Face aux indications de l'autorité intimée et à la possibilité d'obtenir des renseignements complémentaires, il appartenait dès lors aux recourantes de s'assurer que leur dossier était complet. A cet égard, le tribunal relèvera que les dossiers remis par les candidats sélectionnés pour le deuxième tour répondaient tous aux exigences posées.

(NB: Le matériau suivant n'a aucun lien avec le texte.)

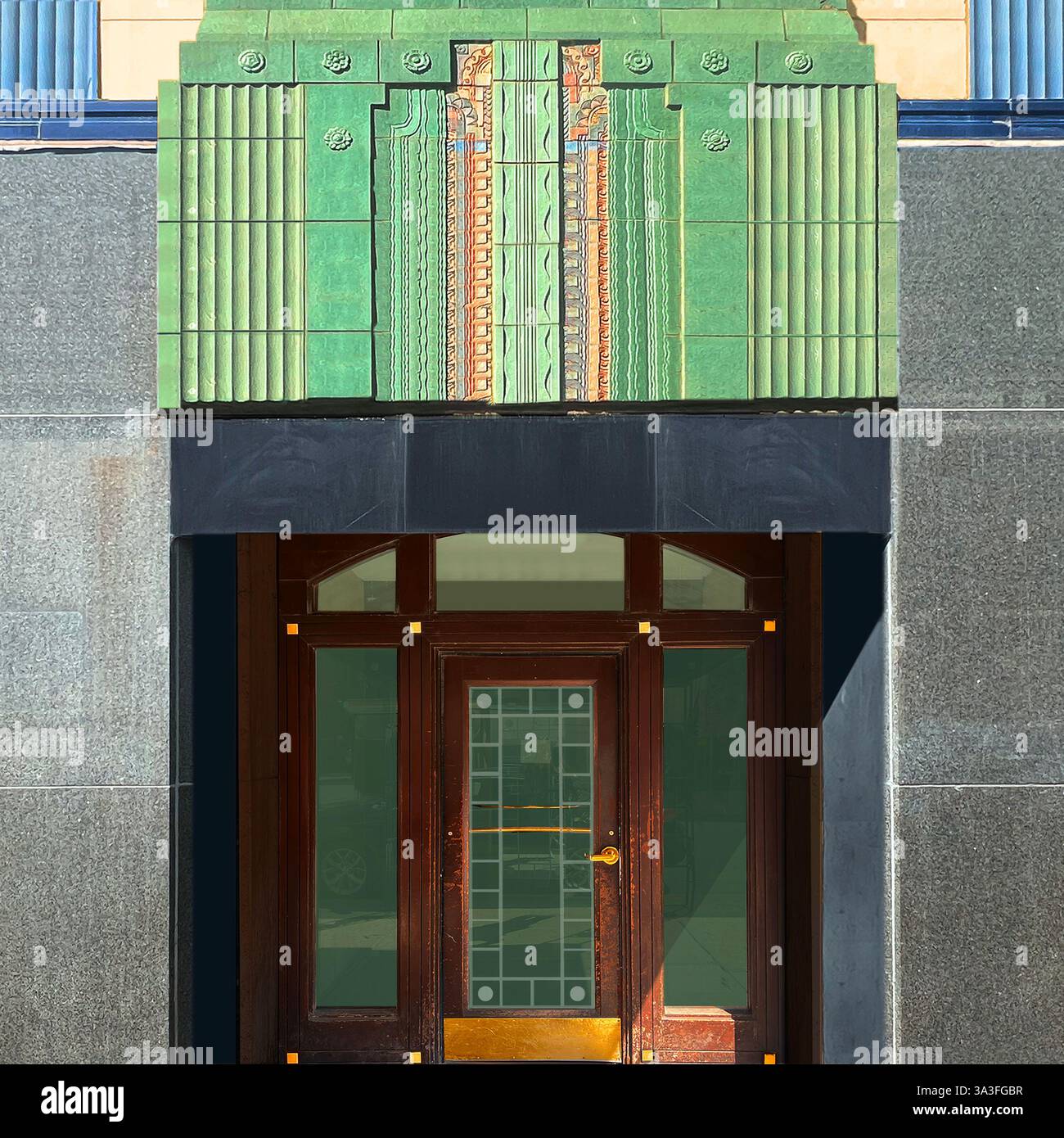 Art Deco entrance featuring ornate green terra cotta tilework, intricate geometric patterns, polished wood door, and brass accents on a vintage facade. - Smartphone Captured Stock Image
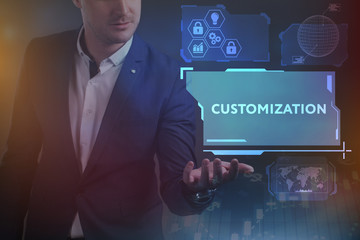 Business, Technology, Internet and network concept. Young businessman working on a virtual screen of the future and sees the inscription: Customization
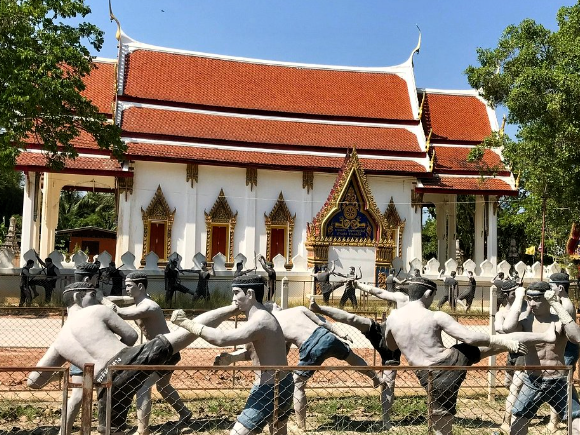 Muay Thai fighter statues at historic Bang Kung Camp beside Wat Bang Kung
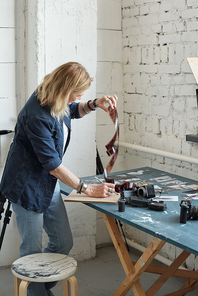 Blond-haired photographer in denim jacket standing at table with photographic equipment and choosing footage on film tape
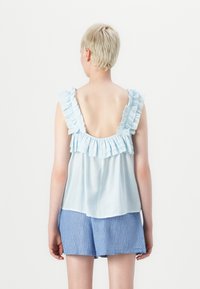 Lichtblauw rugloos topje met rimpelige schouderbanden, gelaagde rimpeldetails bij de halslijn, gecombineerd met blauw-wit gestreepte shorts.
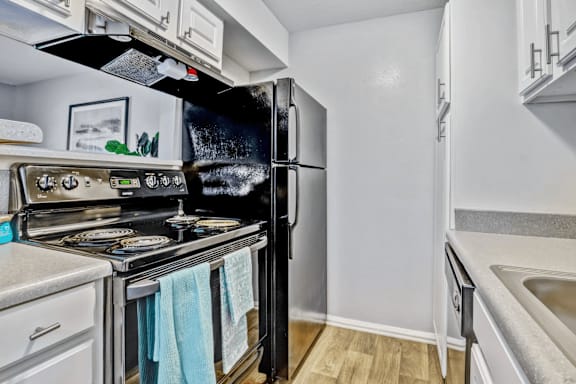 A kitchen with a black refrigerator and a stove top oven.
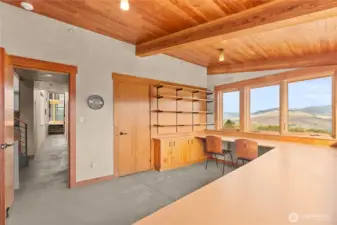 The larger of the two offices, this space has plenty of storage and work space, wrap-around views, and a built-in yoga wall just out of the frame to the left. As with the other office, this too can be repurposed as a bedroom as was originally envisioned in the architectural drawings.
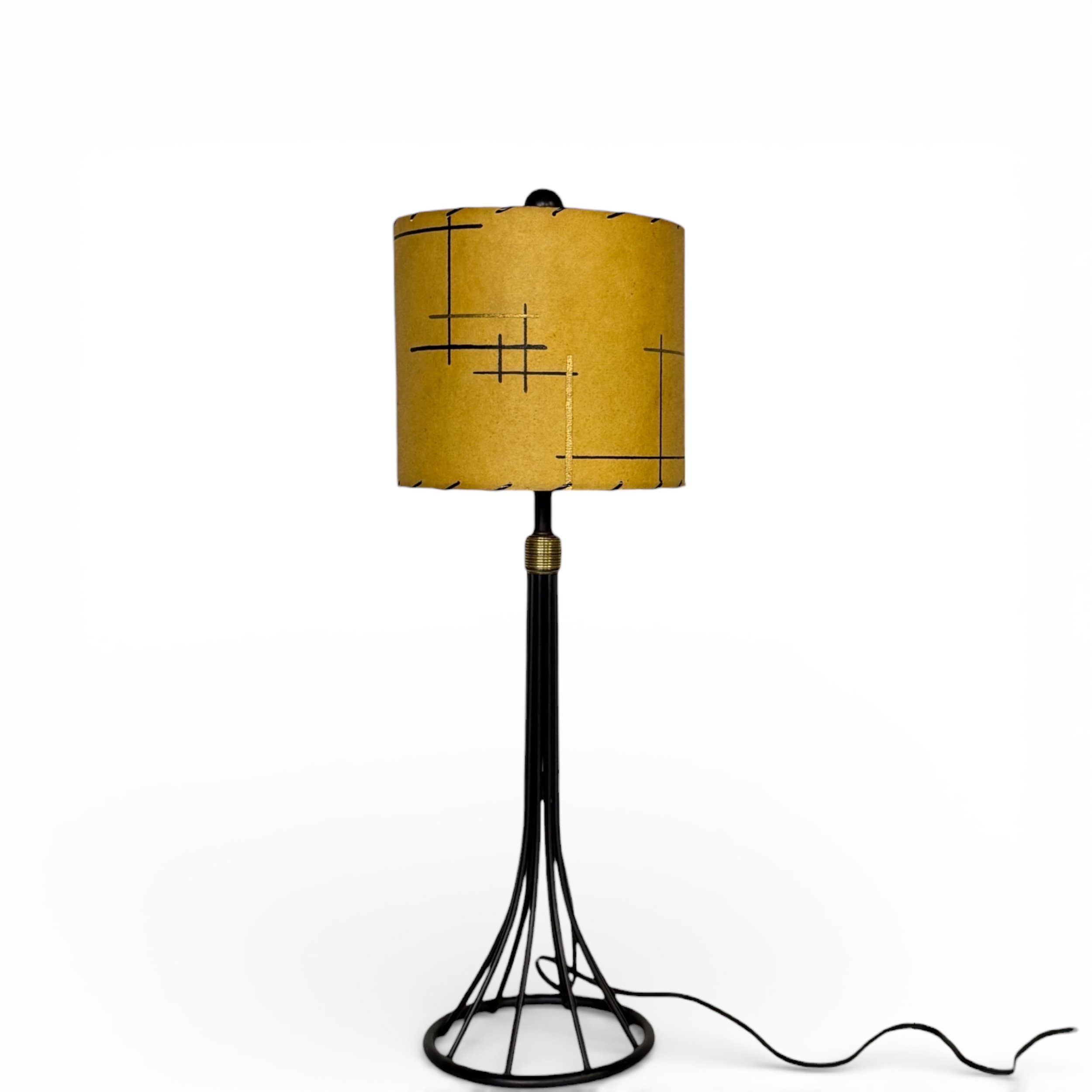 Vintage mid century modern lamp with black metal base and fiberglass shade, shown turned off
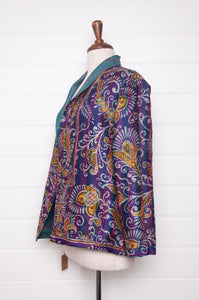 DVE Collection one of a kind reversible silk kantha Neeli jacket has a small floral print on cerulean blue on one side,  and a paisley on the reverse on cobalt blue.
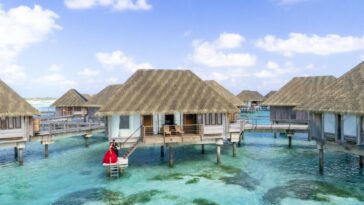 Overwater villa with couple in red dress in a tropical paradise setting.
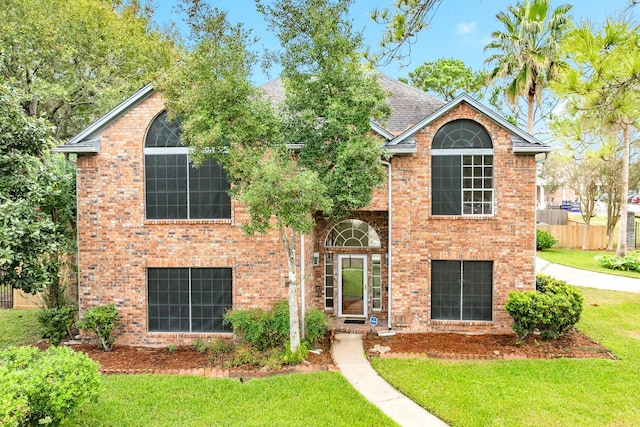 front facade with a front lawn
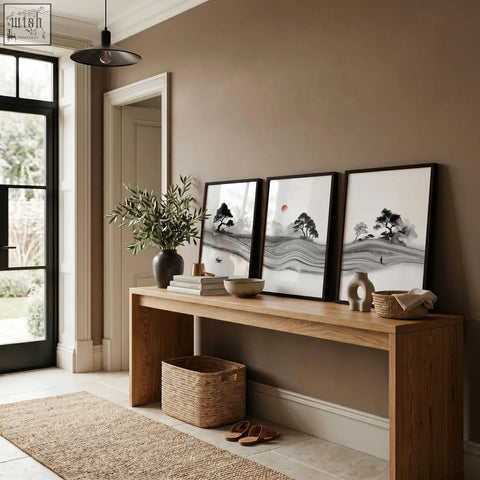 Three framed black and white prints japandi ink landscape with minimalist trees mountains and a red sun on wood table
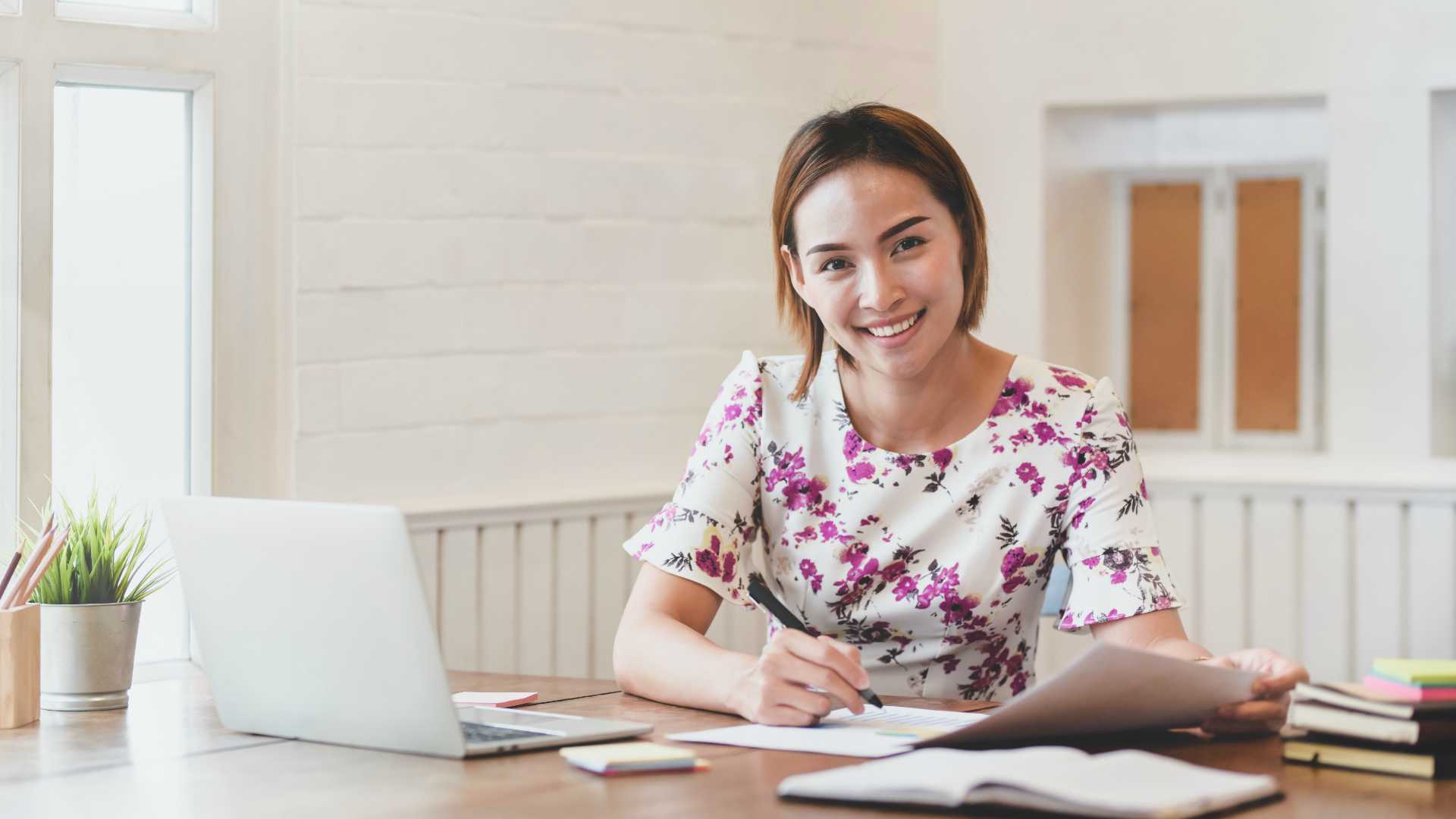 Beautiful, young businesswoman smiling for camera at workplace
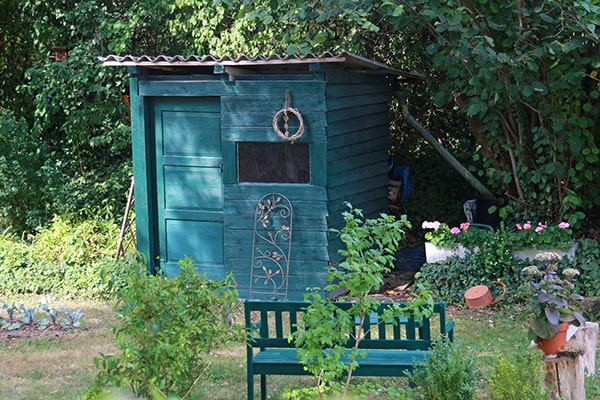 a small blue shed with a door and window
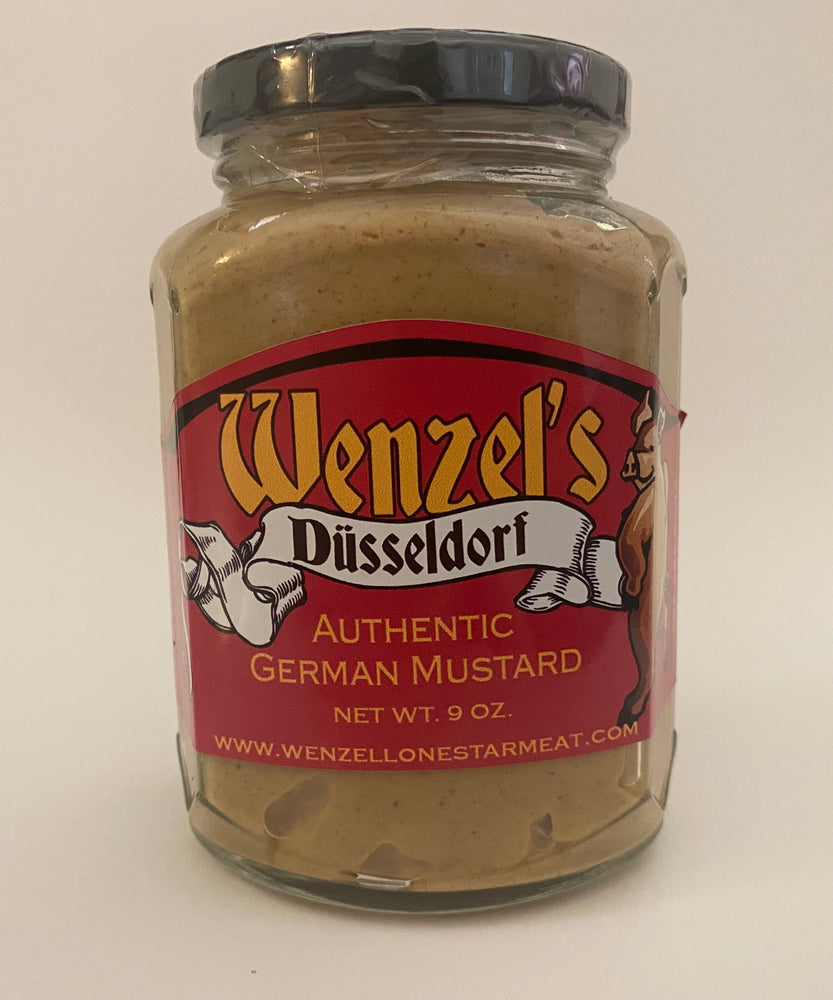 A 9 oz glass jar of Wenzel's Düsseldorf Authentic German Mustard with a red label and black lid, photographed against a plain off-white background.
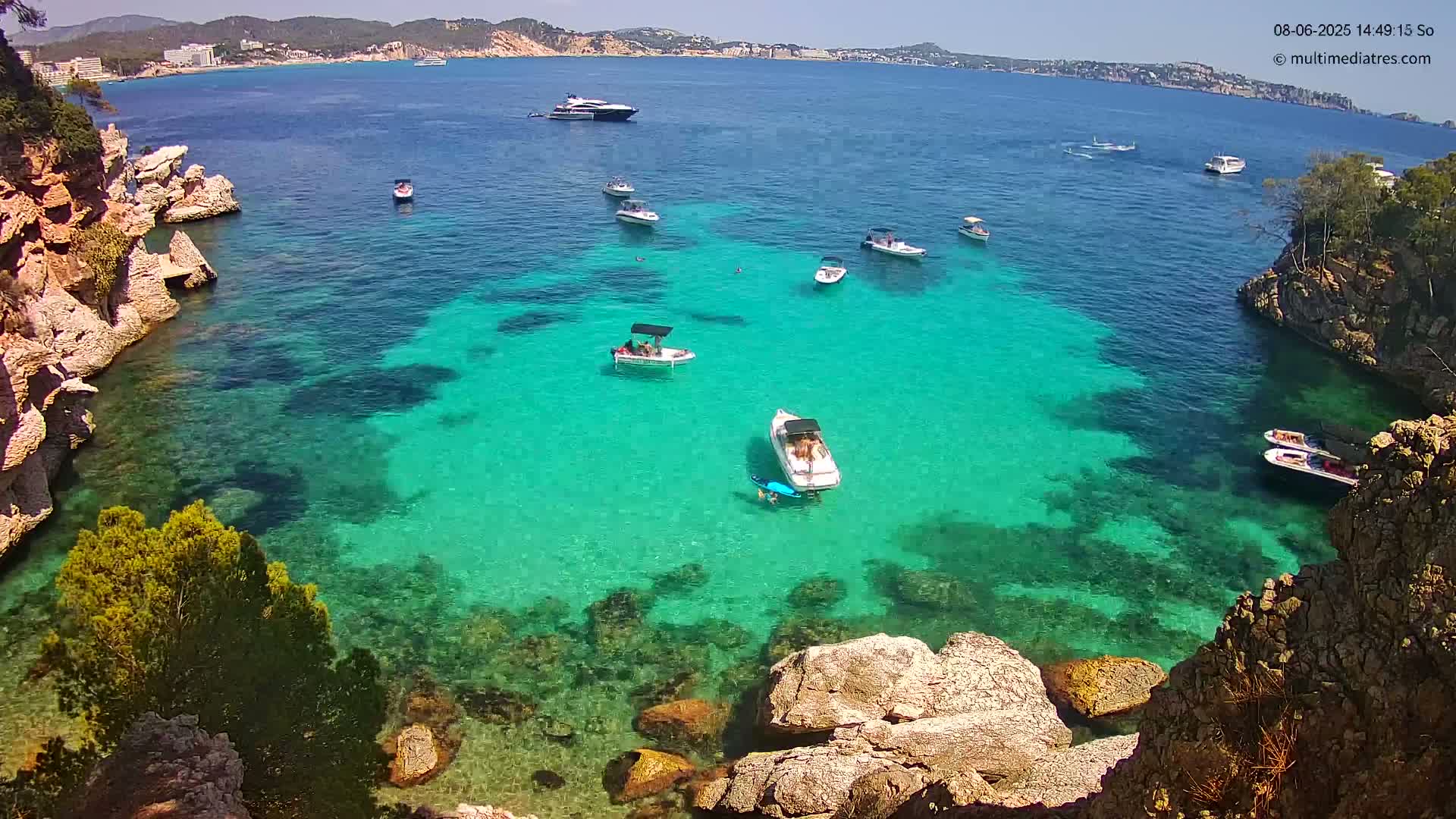 Clear turquoise water filled with several small boats is surrounded by rocky, tan-colored cliffs under a sunny sky.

10. Conformément à une jurisprudence confirmée récemment, les recourantes ne peuvent prétendre à l'octroi d'un bref délai pour compléter leur offre (ATA/150/2006 et ATA/671/2005 précités).

11. Au vu de ce qui précède, il convient de considérer que l'autorité intimée a correctement appliqué la réglementation en vigueur, sans faire preuve de formalisme excessif.

12. Le recours sera rejeté, un émolument de CHF 1'000.-- sera mis à la charge des recourantes, prises conjointement et solidairement (art. 87 LPA) ; aucune indemnité de procédure ne sera allouée.

 

* * * * *

PAR CES MOTIFS
LE TRIBUNAL ADMINISTRATIF

à la forme :

déclare recevable le recours interjeté le 22 février 2006 par Arcature S.A., Jaquenoudesign Sàrl et Sabti Sàrl contre la décision de la Ville de Genève du 7 février 2006 ;

au fond :

le rejette ;

met à la charge des recourantes, prises conjointement et solidairement, un émolument de CHF 1'000.- ;

dit qu'il n'est pas alloué d'indemnité ;

communique le présent arrêt à Me Christine Marti, avocate des recourantes ainsi qu'à la Ville de Genève.

Siégeants : M. Paychère, président, Mmes Bovy et Hurni, M. Thélin, Mme Junod, juges.

Au nom du Tribunal administratif :

 

 

la greffière-juriste :

 

 

C. Del Gaudio-Siegrist

 

le président :

 

 

F. Paychère

 

Copie conforme de cet arrêt a été communiquée aux parties.